November 20, 2018

Sangue

Mi ricordo quando mi sono chinato su di te, ho preso le tue mani fra le mie e ti ho chiesto di avere fiducia, il tempo necessario a lavarti via il sangue dalle braccia, il tempo necessario che tu potessi guarire ed essere ciò che io vedevo in te.

Me lo ricordo perché poi io sono rimasto seduto su quella pozza, molto dopo che aveva smesso di rifletterti. Ho poi forzato un sorriso, ripensando a quanto il tuo passo fosse divenuto più leggero. Ho pensato fosse una cosa buona, e che forse avevo dato un momento d’attenzione a quel seme, ed ero corresponsabile del fatto che ci fosse un poco più di bellezza nel mondo.

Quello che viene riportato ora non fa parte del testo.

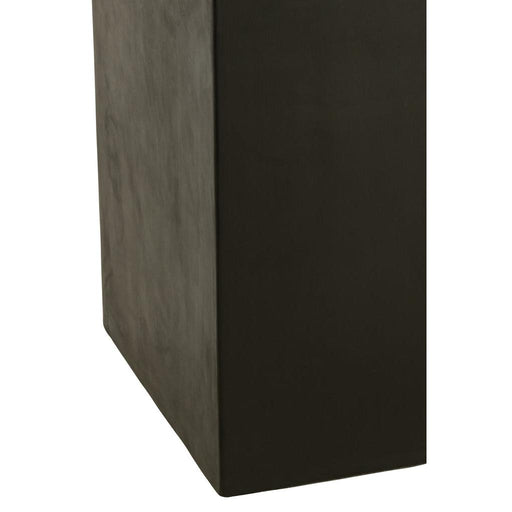 Opbergkast Vakkenkast Zwart Multiplex Rechthoekig 40 cm Mul 39507-Opbergkasten-J-Line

Dopo un tempo infinitamente lungo mi sono alzato. Mi sono chiesto che colore avesse la mia pelle, protetta da incrostrazioni carminie. Ho creduto di trovare risposte in vicoli, e paure, e attese, e fughe lungo crinali ripidi, e rese, e sale da gioco, e tentativi alla buona. Alla fine avevo la bocca impastata, dubitavo perfino delle domande che ponevo, che mi ponevo. Ero convinto di aver avuto la risposta in tasca, eppure la ripetevo e sembrava non avere più senso.

Ho pensato che fosse necessario offrire un sacrificio, ma che non mi fossero più rimasti reni o polmoni, cose a cui potessi rinunciare. Mi tenni stretto il fegato, conclusi che andava bene così. Che io ero, a prescindere. Che la realtà è che io sono immortale ed invincibile, e questa è la mia condanna.

Avrei voluto essere capace di risposte più brevi e precise. Più nitide, di quelle che pur essendo incomplete, non ti danno lo spazio di dubitare. Io invece lo spazio lo dono e lo vivo. Ne rimane sempre abbastanza da spaurarsi, confondersi, perdere il davanti ed il dietro. Traccio percorsi di sangue, così, per non confondermi, trovare un equilibrio che non serve, se non ricordi più come cadere.

Mi gira ancora la testa, forse mi sono alzato troppo in fretta, forse sono salito troppo in alto, forse ho desiderato troppo.